-------- TASK DATA --------

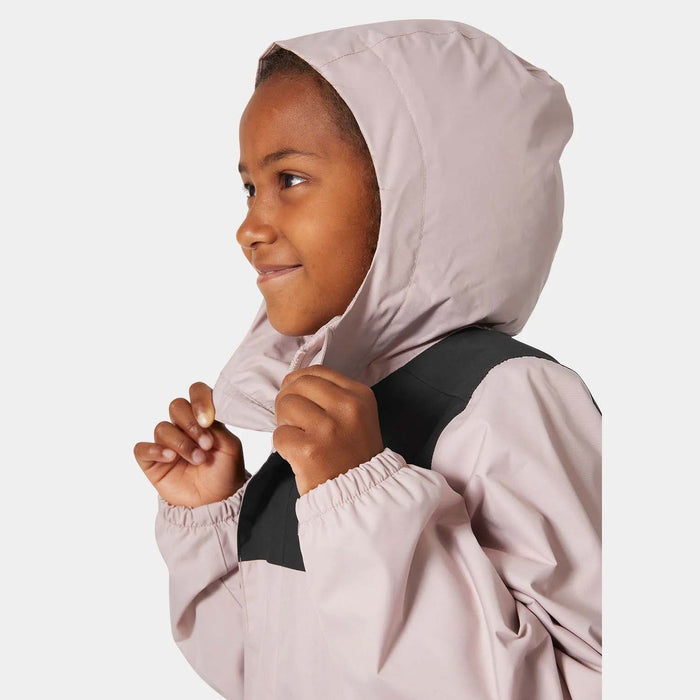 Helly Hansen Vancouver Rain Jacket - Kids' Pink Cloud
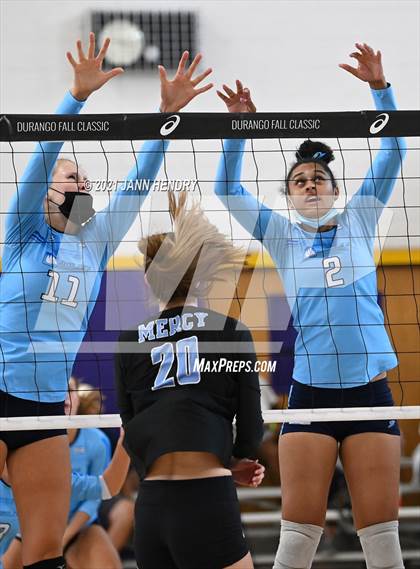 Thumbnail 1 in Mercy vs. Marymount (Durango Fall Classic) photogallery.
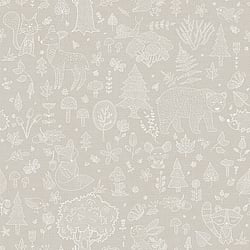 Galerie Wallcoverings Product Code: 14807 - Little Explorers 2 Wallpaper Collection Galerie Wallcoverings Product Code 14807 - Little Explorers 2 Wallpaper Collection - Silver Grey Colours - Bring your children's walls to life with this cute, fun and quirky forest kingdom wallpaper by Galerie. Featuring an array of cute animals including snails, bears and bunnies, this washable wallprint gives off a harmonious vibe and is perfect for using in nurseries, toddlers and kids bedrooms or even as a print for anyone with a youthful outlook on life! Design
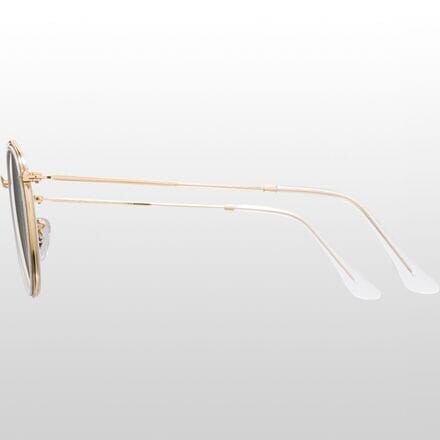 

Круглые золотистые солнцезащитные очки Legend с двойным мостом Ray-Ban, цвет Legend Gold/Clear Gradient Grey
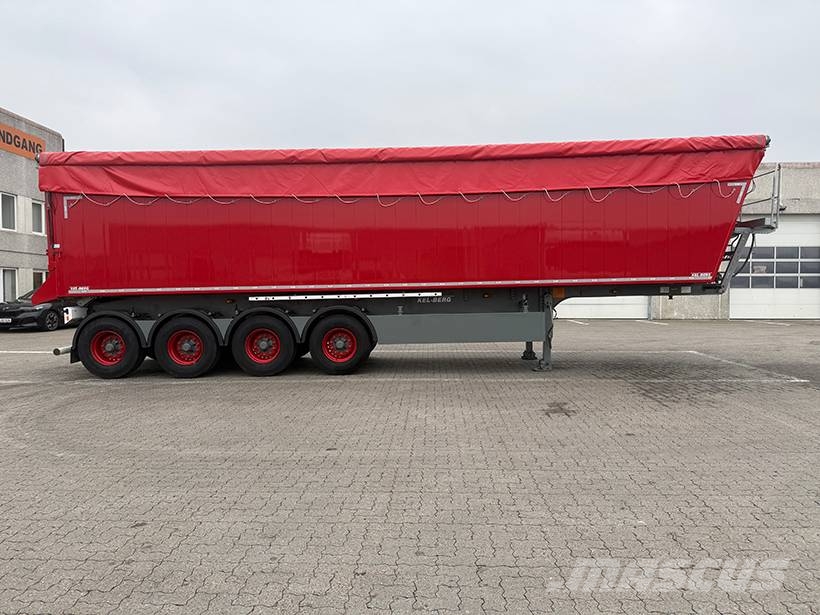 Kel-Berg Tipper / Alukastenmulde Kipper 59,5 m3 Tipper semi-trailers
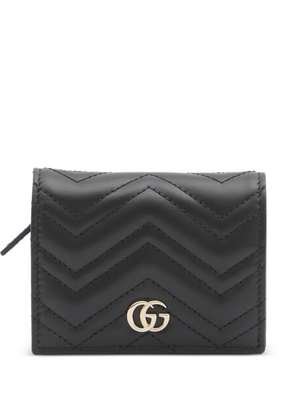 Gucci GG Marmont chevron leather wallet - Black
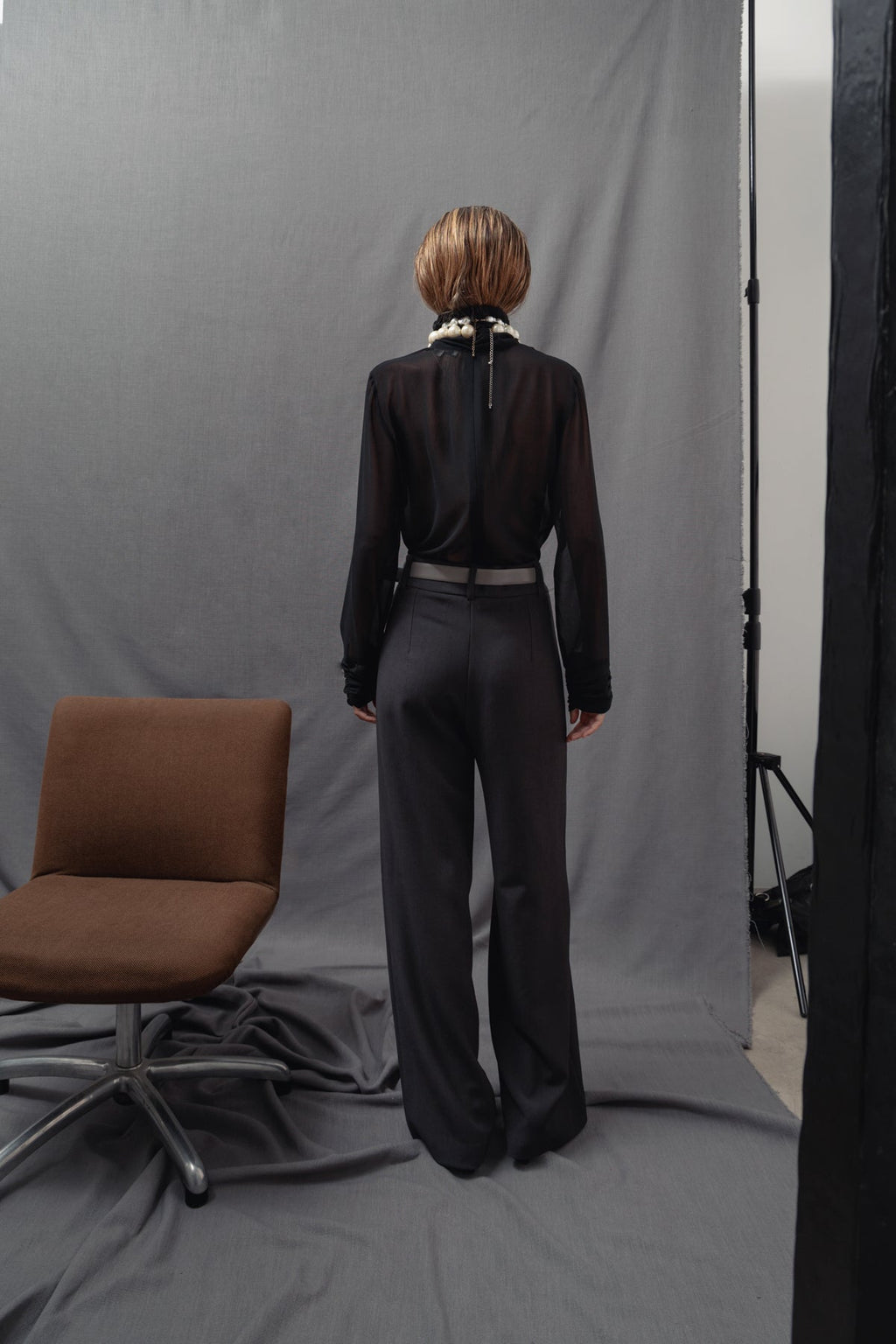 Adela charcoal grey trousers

--------

▶ DIRECTIONS
Word for word, repeat all of the entries above, leaving out the pictures.

▶ YOUR RESPONSE
 Helly Hansen Vancouver Rain Jacket - Kids' Pink Cloud
 Thumbnail 1 in Mercy vs. Marymount (Durango Fall Classic) photogallery.
 Galerie Wallcoverings Product Code: 14807 - Little Explorers 2 Wallpaper Collection Galerie Wallcoverings Product Code 14807 - Little Explorers 2 Wallpaper Collection - Silver Grey Colours - Bring your children's walls to life with this cute, fun and quirky forest kingdom wallpaper by Galerie. Featuring an array of cute animals including snails, bears and bunnies, this washable wallprint gives off a harmonious vibe and is perfect for using in nurseries, toddlers and kids bedrooms or even as a print for anyone with a youthful outlook on life! Design

Круглые золотистые солнцезащитные очки Legend с двойным мостом Ray-Ban, цвет Legend Gold/Clear Gradient Grey
 Kel-Berg Tipper / Alukastenmulde Kipper 59,5 m3 Tipper semi-trailers
 Gucci GG Marmont chevron leather wallet - Black
 Adela charcoal grey trousers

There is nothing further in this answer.